Data extracts:
= = = =

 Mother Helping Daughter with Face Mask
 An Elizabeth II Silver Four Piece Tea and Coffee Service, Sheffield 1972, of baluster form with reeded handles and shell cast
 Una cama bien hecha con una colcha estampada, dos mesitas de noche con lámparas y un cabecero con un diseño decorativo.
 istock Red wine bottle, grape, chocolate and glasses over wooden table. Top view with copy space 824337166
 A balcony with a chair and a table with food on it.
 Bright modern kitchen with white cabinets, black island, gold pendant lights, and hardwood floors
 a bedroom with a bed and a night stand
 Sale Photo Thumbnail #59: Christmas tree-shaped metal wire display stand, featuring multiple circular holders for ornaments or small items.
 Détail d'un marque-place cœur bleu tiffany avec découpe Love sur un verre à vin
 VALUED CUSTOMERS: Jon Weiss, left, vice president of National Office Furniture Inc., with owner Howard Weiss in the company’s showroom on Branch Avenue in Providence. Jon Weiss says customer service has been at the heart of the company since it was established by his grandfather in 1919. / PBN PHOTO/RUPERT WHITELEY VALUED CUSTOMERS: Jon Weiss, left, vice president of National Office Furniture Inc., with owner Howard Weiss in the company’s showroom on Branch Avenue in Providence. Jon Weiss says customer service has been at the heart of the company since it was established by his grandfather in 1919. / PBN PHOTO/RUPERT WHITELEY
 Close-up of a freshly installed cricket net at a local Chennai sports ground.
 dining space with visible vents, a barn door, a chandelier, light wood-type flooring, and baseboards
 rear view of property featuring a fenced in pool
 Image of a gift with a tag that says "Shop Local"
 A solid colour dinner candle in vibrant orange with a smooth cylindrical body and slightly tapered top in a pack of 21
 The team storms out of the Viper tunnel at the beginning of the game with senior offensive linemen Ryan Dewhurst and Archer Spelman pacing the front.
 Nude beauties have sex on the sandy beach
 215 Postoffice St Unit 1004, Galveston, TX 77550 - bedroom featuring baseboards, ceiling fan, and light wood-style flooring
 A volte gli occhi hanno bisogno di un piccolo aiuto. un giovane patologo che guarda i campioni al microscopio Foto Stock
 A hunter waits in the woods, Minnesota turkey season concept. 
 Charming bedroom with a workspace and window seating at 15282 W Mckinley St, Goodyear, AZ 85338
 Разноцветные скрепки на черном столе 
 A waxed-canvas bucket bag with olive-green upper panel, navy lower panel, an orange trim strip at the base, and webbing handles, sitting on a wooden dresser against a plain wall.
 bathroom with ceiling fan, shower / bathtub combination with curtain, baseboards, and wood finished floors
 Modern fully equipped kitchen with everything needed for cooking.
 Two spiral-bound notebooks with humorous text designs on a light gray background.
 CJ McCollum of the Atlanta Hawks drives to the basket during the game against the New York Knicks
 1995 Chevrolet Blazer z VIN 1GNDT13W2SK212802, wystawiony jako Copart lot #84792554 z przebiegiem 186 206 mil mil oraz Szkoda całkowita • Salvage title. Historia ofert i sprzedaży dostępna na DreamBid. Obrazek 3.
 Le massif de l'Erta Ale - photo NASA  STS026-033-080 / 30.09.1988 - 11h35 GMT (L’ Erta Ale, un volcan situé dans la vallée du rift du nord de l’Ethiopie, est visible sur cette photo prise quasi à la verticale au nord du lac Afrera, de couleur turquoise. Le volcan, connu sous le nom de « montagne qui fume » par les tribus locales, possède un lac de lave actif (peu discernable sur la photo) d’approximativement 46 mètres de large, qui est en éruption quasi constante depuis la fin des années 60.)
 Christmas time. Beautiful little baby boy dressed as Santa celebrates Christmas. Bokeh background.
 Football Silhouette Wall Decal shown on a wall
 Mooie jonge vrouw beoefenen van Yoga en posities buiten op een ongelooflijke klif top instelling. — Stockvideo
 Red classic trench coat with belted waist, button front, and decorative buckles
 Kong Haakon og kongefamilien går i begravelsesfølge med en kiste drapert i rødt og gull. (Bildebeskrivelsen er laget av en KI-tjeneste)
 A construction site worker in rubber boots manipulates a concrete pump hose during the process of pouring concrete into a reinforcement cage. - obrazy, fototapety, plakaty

= = = =

To do: From the line holding "A balcony with" to the line holding "Détail d'un marque-place", inclusive, restate each line above exactly as written.

Answer area:
 A balcony with a chair and a table with food on it.
 Bright modern kitchen with white cabinets, black island, gold pendant lights, and hardwood floors
 a bedroom with a bed and a night stand
 Sale Photo Thumbnail #59: Christmas tree-shaped metal wire display stand, featuring multiple circular holders for ornaments or small items.
 Détail d'un marque-place cœur bleu tiffany avec découpe Love sur un verre à vin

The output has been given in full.